• _Task requirements_
Nothing but the pictures may be dropped; the rest of the listing is to be written out exactly.

• _Dataset section_
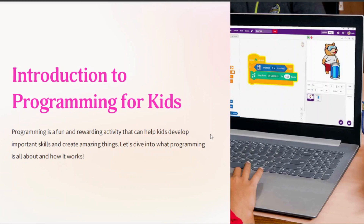Hello, my name is Harshita and welcome to our channel Learning Fun Zone. Today we are going to talk about programming for kids. Programming is a fun and rewarding activity that can help kids develop important skills and create amazing things. In this video, we will dive into what programming is all about and show you some fun and easy examples that you can try at home.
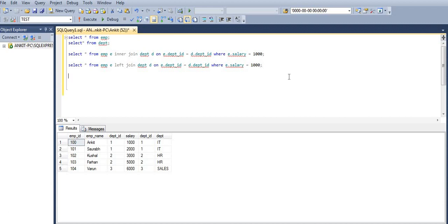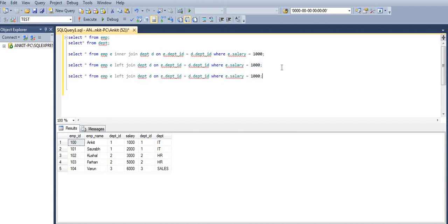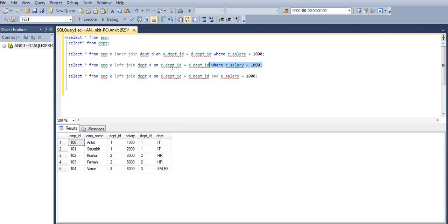Now the most interesting part: what happens when we change the same condition from WHERE to AND? Here I am performing LEFT JOIN — the left table is EMPLOYEE and the next table is DEPARTMENT — with the same join condition, but the only difference is we are using AND instead of WHERE clause. In the WHERE case, first the LEFT JOIN executes, then the filter is applied.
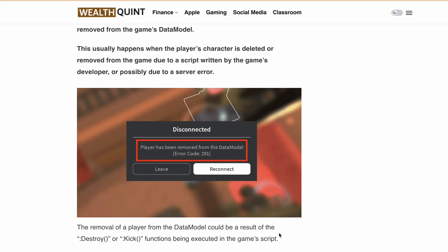Hello, welcome back to our YouTube channel. Are you getting error code 291 in Roblox? The full error message reads: 'Player has been removed from the data model, error code 291,' with buttons to Leave and Reconnect.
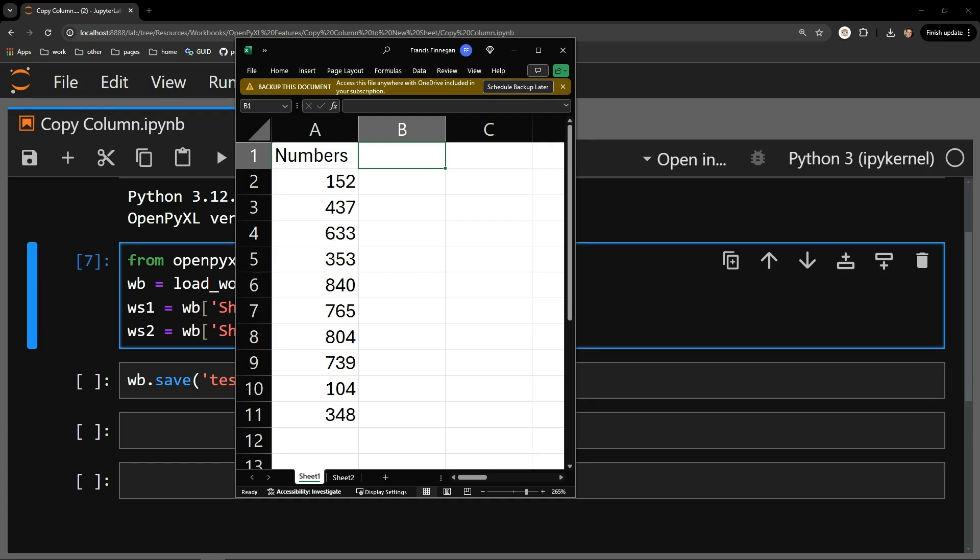This video demonstrates how to copy a column to a separate Excel sheet using the Python library OpenPyExcel. This is a follow-up to a video I did on copying a column in the same sheet, which can be viewed by clicking on the link above or the link in the descriptions below.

• _Answer area_
Hello, my name is Harshita and welcome to our channel Learning Fun Zone. Today we are going to talk about programming for kids. Programming is a fun and rewarding activity that can help kids develop important skills and create amazing things. In this video, we will dive into what programming is all about and show you some fun and easy examples that you can try at home.
Now the most interesting part: what happens when we change the same condition from WHERE to AND? Here I am performing LEFT JOIN — the left table is EMPLOYEE and the next table is DEPARTMENT — with the same join condition, but the only difference is we are using AND instead of WHERE clause. In the WHERE case, first the LEFT JOIN executes, then the filter is applied.
Hello, welcome back to our YouTube channel. Are you getting error code 291 in Roblox? The full error message reads: 'Player has been removed from the data model, error code 291,' with buttons to Leave and Reconnect.
This video demonstrates how to copy a column to a separate Excel sheet using the Python library OpenPyExcel. This is a follow-up to a video I did on copying a column in the same sheet, which can be viewed by clicking on the link above or the link in the descriptions below.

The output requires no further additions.